Note the very accurate determination of the
$\rho (770)$ decay constant.  This determination is 
dominated by the perturbative ($D=0$)
contributions to the OPE,
and hence by the value of the running coupling, $\alpha_s$.
While a determination of a non-perturbative quantity
like $g_\rho$ in terms of a perturbative
one like $\alpha_s$ might sound implausible,
we remind the reader that this
is possible because we have used empirical non-perturbative
information (in the form of resonance masses and widths)
as input to the sum rules.  Once this information
has been input, analyticity relates 
the running coupling and the resonance decay constants
via the basic FESR relation Eq.~(\ref{basicfesr}).

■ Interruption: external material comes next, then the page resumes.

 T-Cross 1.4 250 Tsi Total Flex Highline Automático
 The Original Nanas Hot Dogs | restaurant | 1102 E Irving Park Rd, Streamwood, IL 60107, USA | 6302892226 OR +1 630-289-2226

In light of above discussion, we chose to study
the isovector scalar channel using the pinch-weighted
FESR method.
For the spectral 
function we employ a sum of 
$a_0(980)$ and $a_0(1450)$ contributions, using experimental input
for the masses and widths.  $s_0$ is then restricted
to lie at or below the upper edge of the second resonance region
(actually, somewhat higher, since the zero at $s=s_0$ means
that the region just below $s_0$ in the spectral integral
has negligible weight).  We take the maximum
value of $s_0$ to be $3.0\ {\rm GeV}^2$.  

On the OPE
side, the expressions for the dimension $D=0,2,4$ and $6$
contributions are given in
Refs.~\cite{jm,cps}, and will not be reproduced here.
The $D=0$ (perturbative) contribution is known to four-loop
order, and is determined by the running light quark
masses and coupling.  The light quark mass scale is set by
any one of $m_u, m_d, m_s$, since the mass ratios
are determined by ChPT\cite{leutwylerqmasses}.  
We employ, as our basic input, 
the value $m_s(2 \ {\rm GeV})=115\pm 8\ {\rm MeV}$
(quoted in the $\overline{MS}$ scheme) determined in Ref.~\cite{kmms}.
{\it Ratios} of decay
constants are, of course, independent of this choice.
As input for the running coupling we take 
$\alpha_s(m_\tau^2)=0.334\pm 0.022$\cite{ALEPH,OPAL}.  The masses and
couplings at other scales are obtained from the exact solutions
of the RG equations generated using the four-loop truncated versions
of the $\beta$\cite{beta4} and $\gamma$\cite{gamma4} functions.
As input for the higher dimension condensate contributions, we 
employ conventional values:  
$\langle \alpha_s G^2\rangle = 0.07\pm .01\ {\rm GeV}^4$\cite{narison97},
$\left( m_u+m_d\right)\langle \bar{u}u\rangle =-f_\pi^2 m_\pi^2$, and
$\langle g\bar{q}\sigma Fq\rangle
=\left( 0.8\pm 0.2\ {\rm GeV}^2\right)\langle \bar{q} q\rangle$\cite{jm}.
The four-quark $D=6$ condensate terms are taken to have their
vacuum saturation values, modified by an overall multiplicative 
factor, $\rho_{VSA}$.  To be conservative, we consider
the range $\rho_{VSA}=5\pm 5$, allowing, therefore,
up to an order of magnitude violation of vacuum
saturation.  Integrals around the circle $\vert s\vert =s_0$
on the OPE side of Eq.~(\ref{basicfesr}) are all performed using the
contour improvement prescription of LeDiberber and Pich\cite{pld},
which is known to improve convergence, and reduce residual
scale dependence of the truncated perturbative series.  Since
the convergence of the integrated $D=0$ contributions worsens
as $s_0$ is lowered, we have chosen $s_0=2.4\ {\rm GeV}^2$ as
a minimum value for our analysis.  Ideally, to improve convergence,
one would like
to know the mass and width of the third $a_0$ resonance,
and then work at larger scales $s_0$, 
but this is not possible at present.
We discuss our estimate of the resulting truncation errors below.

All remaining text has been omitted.